TASK INSTRUCTIONS> Take the records below from their first line to the line with "Collection of Lapel", and restate those lines word for word.

══════

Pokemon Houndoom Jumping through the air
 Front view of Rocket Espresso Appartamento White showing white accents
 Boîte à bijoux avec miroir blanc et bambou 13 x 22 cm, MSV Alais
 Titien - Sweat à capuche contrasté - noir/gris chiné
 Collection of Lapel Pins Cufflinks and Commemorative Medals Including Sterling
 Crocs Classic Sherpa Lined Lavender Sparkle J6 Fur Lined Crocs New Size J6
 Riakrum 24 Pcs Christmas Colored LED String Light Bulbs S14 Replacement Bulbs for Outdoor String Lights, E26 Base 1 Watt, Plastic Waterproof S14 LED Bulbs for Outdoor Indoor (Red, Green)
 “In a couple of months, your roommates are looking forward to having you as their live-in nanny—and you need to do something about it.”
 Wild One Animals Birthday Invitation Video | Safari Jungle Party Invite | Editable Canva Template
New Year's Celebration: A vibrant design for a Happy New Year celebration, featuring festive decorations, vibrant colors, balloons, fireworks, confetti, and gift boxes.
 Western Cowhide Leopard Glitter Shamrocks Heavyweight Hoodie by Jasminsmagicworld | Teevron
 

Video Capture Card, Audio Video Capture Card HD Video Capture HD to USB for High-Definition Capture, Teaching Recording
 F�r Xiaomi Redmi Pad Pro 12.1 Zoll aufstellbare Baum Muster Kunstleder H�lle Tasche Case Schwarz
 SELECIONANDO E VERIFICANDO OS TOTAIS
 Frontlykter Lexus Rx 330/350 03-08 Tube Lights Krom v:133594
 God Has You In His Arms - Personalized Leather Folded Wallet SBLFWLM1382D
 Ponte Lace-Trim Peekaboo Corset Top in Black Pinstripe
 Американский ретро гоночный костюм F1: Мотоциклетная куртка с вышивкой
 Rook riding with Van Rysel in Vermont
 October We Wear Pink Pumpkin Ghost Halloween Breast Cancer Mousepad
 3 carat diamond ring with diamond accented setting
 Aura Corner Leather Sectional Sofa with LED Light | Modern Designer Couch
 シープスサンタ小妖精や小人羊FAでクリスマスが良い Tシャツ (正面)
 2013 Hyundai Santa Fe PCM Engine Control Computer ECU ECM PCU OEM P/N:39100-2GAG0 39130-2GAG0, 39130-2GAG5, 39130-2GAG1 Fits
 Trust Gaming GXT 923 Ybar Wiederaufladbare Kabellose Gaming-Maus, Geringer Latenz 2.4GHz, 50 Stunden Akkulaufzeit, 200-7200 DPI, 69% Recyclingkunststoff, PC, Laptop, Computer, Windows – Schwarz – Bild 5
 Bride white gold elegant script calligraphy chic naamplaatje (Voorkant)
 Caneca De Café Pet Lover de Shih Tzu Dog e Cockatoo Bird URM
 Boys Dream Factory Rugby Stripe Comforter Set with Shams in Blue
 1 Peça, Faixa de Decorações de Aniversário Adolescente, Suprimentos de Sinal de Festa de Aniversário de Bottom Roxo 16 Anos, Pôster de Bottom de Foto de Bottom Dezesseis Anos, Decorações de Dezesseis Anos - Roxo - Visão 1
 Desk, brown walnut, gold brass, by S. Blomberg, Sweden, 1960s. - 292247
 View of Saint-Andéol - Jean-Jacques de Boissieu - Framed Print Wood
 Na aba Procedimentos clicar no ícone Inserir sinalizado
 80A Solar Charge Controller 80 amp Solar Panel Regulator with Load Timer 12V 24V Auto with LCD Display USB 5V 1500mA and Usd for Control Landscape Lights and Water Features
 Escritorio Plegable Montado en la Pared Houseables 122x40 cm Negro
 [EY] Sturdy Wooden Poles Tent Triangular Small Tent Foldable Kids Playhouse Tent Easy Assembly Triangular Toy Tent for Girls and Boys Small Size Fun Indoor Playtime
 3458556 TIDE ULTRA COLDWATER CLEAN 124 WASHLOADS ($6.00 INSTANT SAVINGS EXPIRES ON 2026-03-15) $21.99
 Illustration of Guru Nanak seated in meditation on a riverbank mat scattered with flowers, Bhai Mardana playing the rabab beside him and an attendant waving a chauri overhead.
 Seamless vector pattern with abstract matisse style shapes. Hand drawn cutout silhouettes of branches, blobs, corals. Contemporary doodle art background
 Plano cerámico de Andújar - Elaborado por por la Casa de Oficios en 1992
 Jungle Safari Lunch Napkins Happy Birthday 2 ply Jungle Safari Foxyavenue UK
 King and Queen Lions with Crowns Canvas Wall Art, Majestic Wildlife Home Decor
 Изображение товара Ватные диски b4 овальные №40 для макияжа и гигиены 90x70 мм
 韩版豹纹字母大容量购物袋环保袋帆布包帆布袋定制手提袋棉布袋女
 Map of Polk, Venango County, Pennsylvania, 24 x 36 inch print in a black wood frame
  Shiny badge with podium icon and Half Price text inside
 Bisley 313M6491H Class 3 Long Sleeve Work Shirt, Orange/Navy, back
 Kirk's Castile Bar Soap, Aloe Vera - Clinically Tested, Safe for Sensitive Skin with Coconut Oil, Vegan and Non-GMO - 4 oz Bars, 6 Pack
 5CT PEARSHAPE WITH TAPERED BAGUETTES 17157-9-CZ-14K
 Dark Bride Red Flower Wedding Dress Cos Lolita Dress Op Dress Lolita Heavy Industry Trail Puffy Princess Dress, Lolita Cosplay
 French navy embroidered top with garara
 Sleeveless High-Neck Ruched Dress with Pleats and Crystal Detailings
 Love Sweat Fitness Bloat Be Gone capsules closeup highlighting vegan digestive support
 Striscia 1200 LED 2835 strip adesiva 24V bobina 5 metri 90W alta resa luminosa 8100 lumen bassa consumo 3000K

══════

RESULT OF THIS TASK>
Pokemon Houndoom Jumping through the air
 Front view of Rocket Espresso Appartamento White showing white accents
 Boîte à bijoux avec miroir blanc et bambou 13 x 22 cm, MSV Alais
 Titien - Sweat à capuche contrasté - noir/gris chiné
 Collection of Lapel Pins Cufflinks and Commemorative Medals Including Sterling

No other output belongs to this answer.